Make an exact copy of the records, dropping all pictures.
——————
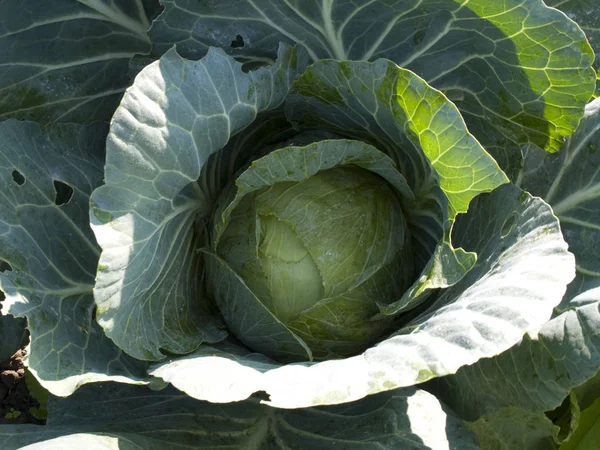 Cabbage on a a vegetable patch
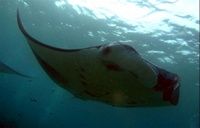 Manta Ray (1)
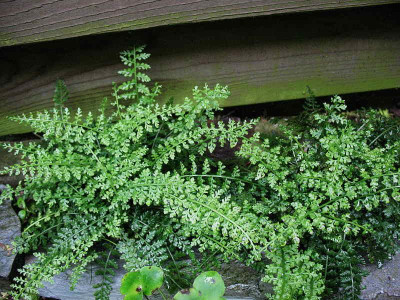 Asplenium_fontanum_..._30.5.13._025.jpg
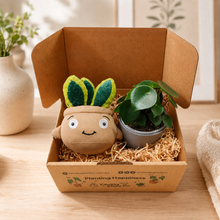 Load image into Gallery viewer, Plushie &amp; Plant Gift Box

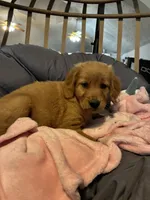 Purple collar, a female Golden Retriever for sale in Eagleville, MO – 1 of 4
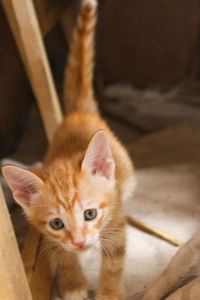 cat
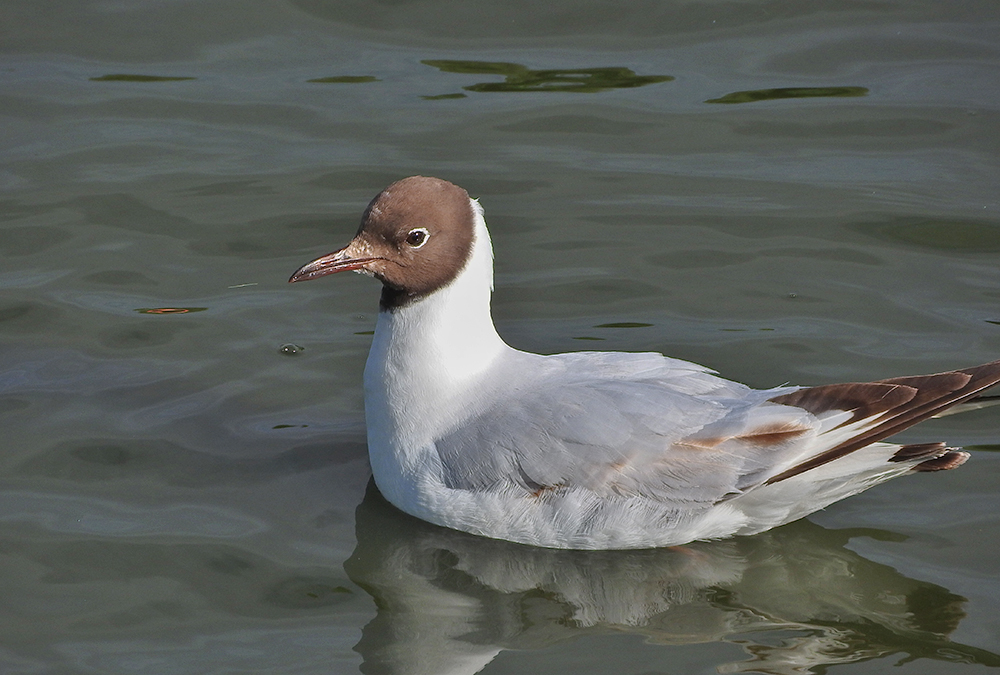 DSCN1635.jpg
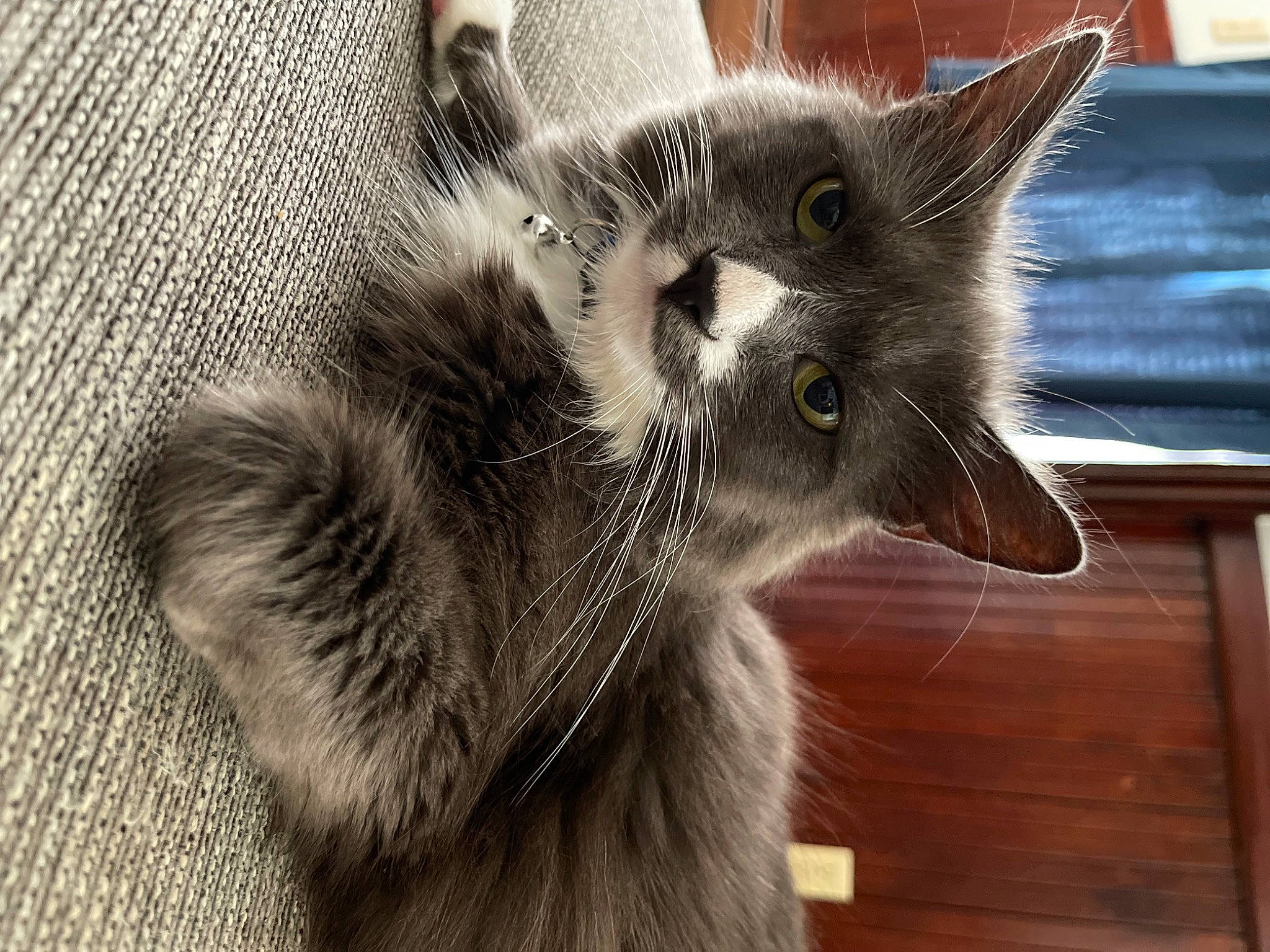 Lily joined the competition — help win amazing prizes! black_cat, carnivore, cat, chartreux, claw, domestic_short_haired_cat, ear, felidae, fur, grey, hardwood, paw, small_to_medium_sized_cats, snout, tail, terrestrial_animal, thai, whiskers, window, wood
——————
* _ANSWER FOR THIS EXERCISE_:
 Cabbage on a a vegetable patch
 Manta Ray (1)
 Asplenium_fontanum_..._30.5.13._025.jpg
 Load image into Gallery viewer, Plushie &amp; Plant Gift Box

 Purple collar, a female Golden Retriever for sale in Eagleville, MO – 1 of 4
 cat
 DSCN1635.jpg
 Lily joined the competition — help win amazing prizes! black_cat, carnivore, cat, chartreux, claw, domestic_short_haired_cat, ear, felidae, fur, grey, hardwood, paw, small_to_medium_sized_cats, snout, tail, terrestrial_animal, thai, whiskers, window, wood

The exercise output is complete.